Im 28 (from Denmark), single and with no obligations at home or in Australia. Im working in Logistics and have been in that 'field' for 8+ years.

My thoughts are the salary offered seems rather low, and Im not sure if I would be able to make a decent living, save some money etc on that.

Comments appreciated.
Cheers


----------



## Covicymru (Sep 4, 2007)

inlimbo said:


> Hi all,
> 
> Ive recently been offered a position in Abu D, which Im strongly debating with myself whether to take or not. Im currently living as an expat in Australia and am on a ~80K AUD package.
> 
> ...


Word up, from what i have read and been told 13k would be enough to live on for a single guy, however i have been advised to have houseing paid up for in full at the start of the year.


----------



## Maz25 (Jul 6, 2008)

Covicymru said:


> Word up, from what i have read and been told 13k would be enough to live on for a single guy, however i have been advised to have houseing paid up for in full at the start of the year.
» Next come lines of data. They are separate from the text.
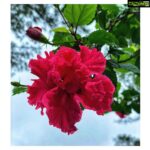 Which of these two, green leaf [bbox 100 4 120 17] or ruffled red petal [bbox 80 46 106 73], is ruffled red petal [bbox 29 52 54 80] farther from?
green leaf [bbox 100 4 120 17]

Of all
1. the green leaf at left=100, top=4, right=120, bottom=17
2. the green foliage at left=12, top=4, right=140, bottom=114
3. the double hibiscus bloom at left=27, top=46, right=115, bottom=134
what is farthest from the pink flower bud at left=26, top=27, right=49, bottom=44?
the green leaf at left=100, top=4, right=120, bottom=17

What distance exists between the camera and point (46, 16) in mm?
1615

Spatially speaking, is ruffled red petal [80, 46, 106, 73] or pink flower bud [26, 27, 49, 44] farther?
pink flower bud [26, 27, 49, 44]

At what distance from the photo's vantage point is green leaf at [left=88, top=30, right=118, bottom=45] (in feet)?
3.15

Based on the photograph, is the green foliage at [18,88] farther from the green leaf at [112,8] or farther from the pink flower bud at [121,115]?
the pink flower bud at [121,115]

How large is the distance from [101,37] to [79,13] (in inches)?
3.7

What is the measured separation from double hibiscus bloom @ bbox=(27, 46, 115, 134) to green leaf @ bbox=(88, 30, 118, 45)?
18cm

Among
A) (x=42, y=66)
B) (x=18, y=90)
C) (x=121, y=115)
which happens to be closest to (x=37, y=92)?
(x=42, y=66)

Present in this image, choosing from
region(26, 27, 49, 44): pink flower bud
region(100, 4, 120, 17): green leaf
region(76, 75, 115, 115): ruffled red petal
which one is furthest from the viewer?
region(100, 4, 120, 17): green leaf

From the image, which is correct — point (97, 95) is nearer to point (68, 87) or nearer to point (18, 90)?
point (68, 87)

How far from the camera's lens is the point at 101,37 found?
0.97 meters

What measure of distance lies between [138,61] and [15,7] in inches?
22.9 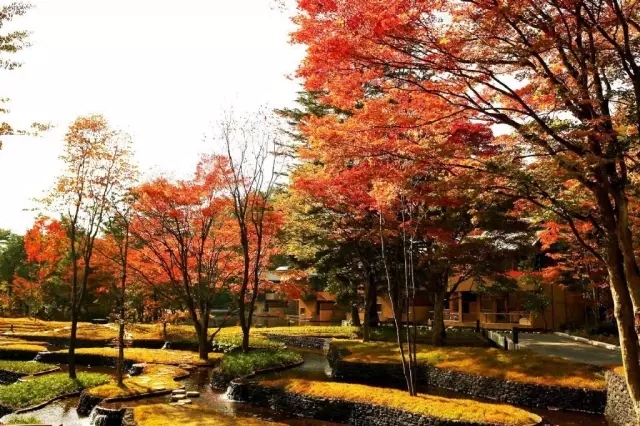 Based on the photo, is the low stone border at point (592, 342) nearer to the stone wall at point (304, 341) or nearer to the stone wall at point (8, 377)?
the stone wall at point (304, 341)

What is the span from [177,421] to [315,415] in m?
3.91

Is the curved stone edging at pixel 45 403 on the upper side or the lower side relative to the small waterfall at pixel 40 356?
lower

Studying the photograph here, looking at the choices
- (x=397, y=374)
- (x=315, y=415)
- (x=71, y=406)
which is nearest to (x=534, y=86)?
(x=315, y=415)

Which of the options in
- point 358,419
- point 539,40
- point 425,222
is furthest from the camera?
point 425,222

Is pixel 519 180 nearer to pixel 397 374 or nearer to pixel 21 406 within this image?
pixel 397 374

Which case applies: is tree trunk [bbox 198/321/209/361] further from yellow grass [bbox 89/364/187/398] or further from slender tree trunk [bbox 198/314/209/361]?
yellow grass [bbox 89/364/187/398]

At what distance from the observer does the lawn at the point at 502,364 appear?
15070 millimetres

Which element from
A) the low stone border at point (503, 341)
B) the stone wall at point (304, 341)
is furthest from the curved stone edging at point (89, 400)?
the stone wall at point (304, 341)

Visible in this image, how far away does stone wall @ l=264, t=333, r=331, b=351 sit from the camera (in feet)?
96.1

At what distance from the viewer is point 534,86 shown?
1059 cm

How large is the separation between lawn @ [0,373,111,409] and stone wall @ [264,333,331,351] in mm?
14116

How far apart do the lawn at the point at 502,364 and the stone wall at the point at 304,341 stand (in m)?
7.55

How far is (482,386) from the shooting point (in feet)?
53.7

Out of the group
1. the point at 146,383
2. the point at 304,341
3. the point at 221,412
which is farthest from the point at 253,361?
the point at 304,341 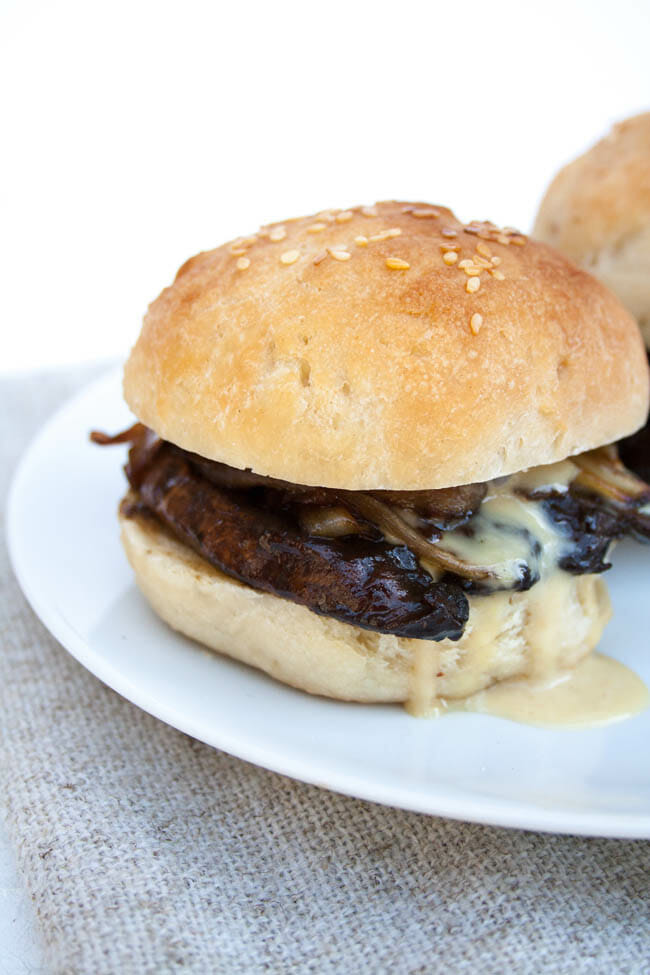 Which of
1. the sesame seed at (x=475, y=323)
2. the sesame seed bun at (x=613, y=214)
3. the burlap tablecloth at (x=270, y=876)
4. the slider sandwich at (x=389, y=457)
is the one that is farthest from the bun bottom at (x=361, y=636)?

Yes, accommodation is paid yearly and in advance. 5% agency fees as well as 5% deposit also need to be factored in. Some landlords will also make you responsible for service charges.

Abu Dhabi has a shortage of housing at the mo and consequently, accommodation is harder to come by and is more expensive that Dubai.

Depending on your lifestyle, your you can survive on your salary, particularly as you are single and do not have any other commitments. I cannot however comment on whether the package commensurates your experience.


----------